石元泰博 楽器の間広縁前の雨落排水溝と飛石 1953-54 ゼラチンシルバープリント © Kochi Prefecture, Ishimoto Yasuhiro Photo Center
石元泰博 桂離宮 新御殿外観南面部分 1981-82 ゼラチンシルバープリント © Kochi Prefecture, Ishimoto Yasuhiro Photo Center

 さて、展示室には定寸で焼かれたモノクロプリントが撮影の時系列とは無関係に整然と並んでおり、鑑賞者はこれらが掲載された4種の写真集を手元に置いて、それぞれを見比べることができる。だが、例えば磯崎新が「これが同じ桂か」と強調するほどには、初回と2回目いずれの撮影によるものかは、展示されたプリントを見るかぎりでは判然としない。そもそも石元が再度の撮影を敢行するに至った背景には、6年の歳月と9億円もの巨費、延べ4万人以上を動員した空前の大規模修理を経た桂の姿、とりわけその内装を記録に残す意図があった。
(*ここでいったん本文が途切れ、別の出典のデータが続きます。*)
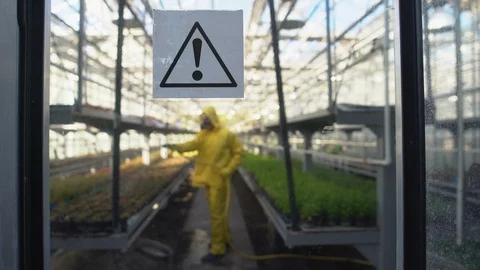 Worker in protective uniform hosing plants in greenhouse, warning sign on door Видео 118934798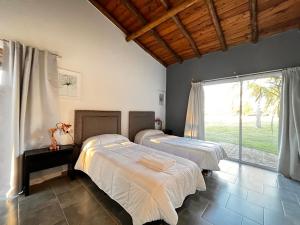 a bedroom with two beds and a large window at Brisas de Brandsen, Chacras con estilo in Loma Verde +192 photos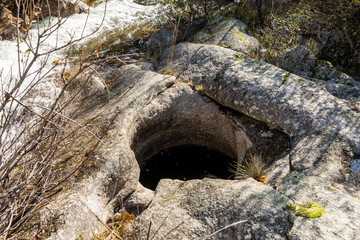 Circular shapes created in granite rock by erosion of river water in La Pedriza, Madrid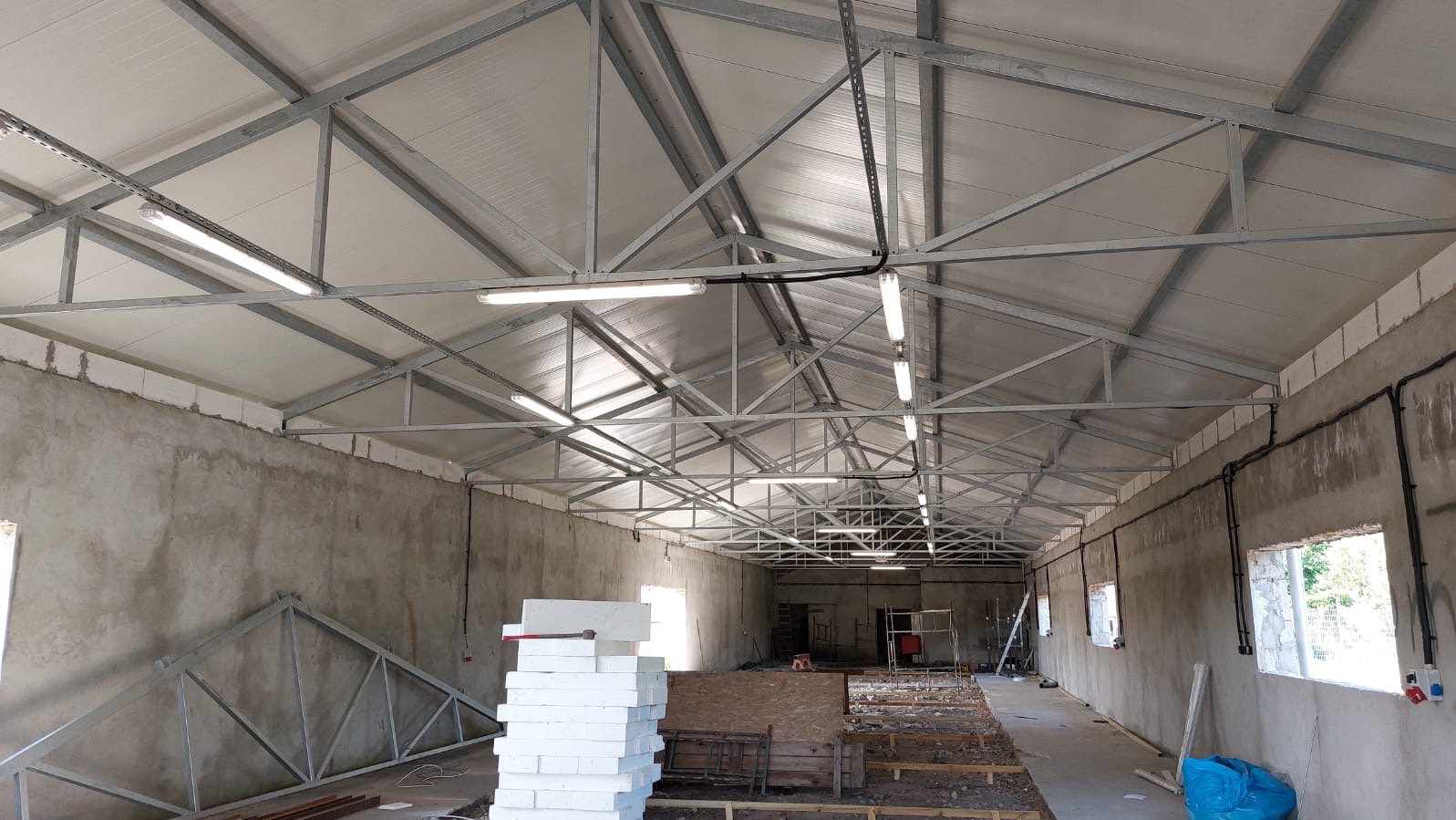 Wnętrze hali w trakcie budowy z widoczną konstrukcją dachu, oświetleniem liniowym LED i instalacją elektryczną na ścianach.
石元の初回の撮影に先立つこと数年、画家の長谷川三郎は誌面に桂とモンドリアンの図版を並べながら、日本文化の機能主義と簡素さ、その技術的完成に気付かない人々に向け、執筆前年の法隆寺金堂壁画焼損にふれて「我々は――現代日本人は――何もかも焼いてしまう危い関頭に立っているのではあるまいか」と警鐘を鳴らしていた(が、それもむなしく1949年から翌年にかけて松山城、福山城が焼損、長楽寺本堂、金閣寺が焼失と1年半で国宝建造物5件を焼き、その代償として文化財保護法が施行された)。

 法隆寺金堂壁画の焼損は、戦時下で中断していた模写事業が再開した矢先の失火によるものであった。ものを克明に見ることは、すなわち対象を光と熱でなぶり、緩やかに(そしてやり方を誤れば即座に)破壊することにほかならない。現実の建築やその直接的な写しは、現象に脅かされて純粋さを保てない。印刷物という編集された世界においてこそ、その純然たるコンセプトは十全かつ半永続的に実現される。「モダニストの日本美」は、実在の建築にでも壁に掛かる作品にでもなく、静かに横たわる資料・・の中にこそ宿る。